Saves CIF files for downstream use. Since the files come zipped, this may take some time.

Python

gnome_db.save_cif_files()

Background Database

We now prepare a background dataset using MP materials, to exclude known materials from GNoME. This is necessary since MP has started including GNoME-originated materials calculated using r2SCAN.

Python

mp_db = MPDatabase(name="mp", data_dir=data_dir)

Removes materials from GNoME that overlap with the raw MP set.

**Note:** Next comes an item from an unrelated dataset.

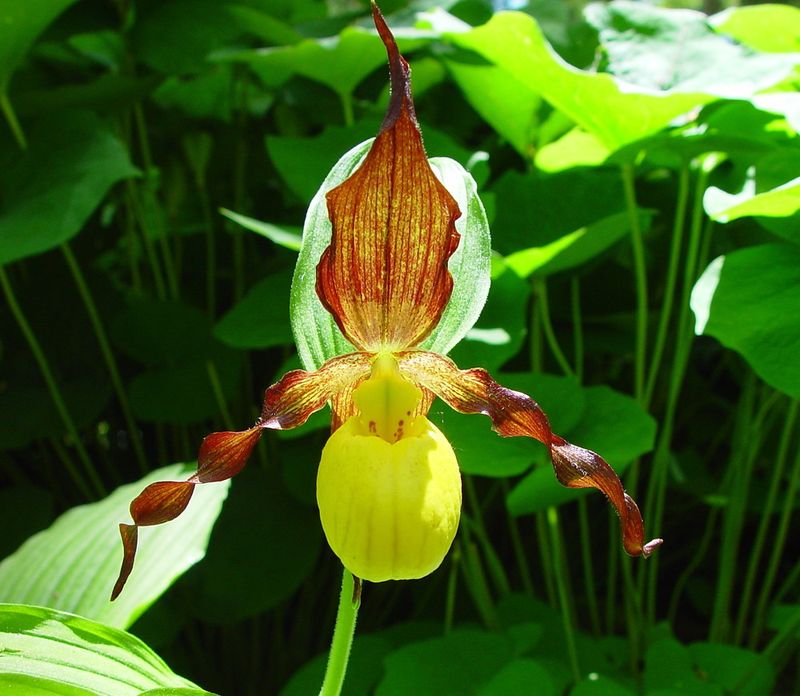 Yellow Lady's Slipper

This avoids label leakage in later ML tasks.

Python

gnome_db.remove_cross_overlap(stage="raw", df=mp_db.get_database("raw"), save_db=True)

print(gnome_db)

Classification Screening

Loads the trained classifier model and screens GNoME entries for potential perovskites.

Python

classifier_model = GBDTClassifier(
    model_name="perovskites_gbdt", models_dir=models_dir, figures_dir=figures_dir
)

classifier_model.load_trained_models()

Python

screened_df = classifier_model.screen(
    db=gnome_db, featurizing_mode="structure", save_processed=True
)

Target Property Prediction

Applies the trained regression model to the positively screened candidates, estimating their \(E_g\) values.

This completes the full screening pipeline.

Python

regressor_model = E3NNRegressor(
    model_name="perov_e3nn",
    target_property="band_gap",
    models_dir=models_dir,
    figures_dir=figures_dir,
)

regressor_model.load_trained_models()

Python

final_df = regressor_model.predict(gnome_db, confidence_threshold=0.5, save_final=True)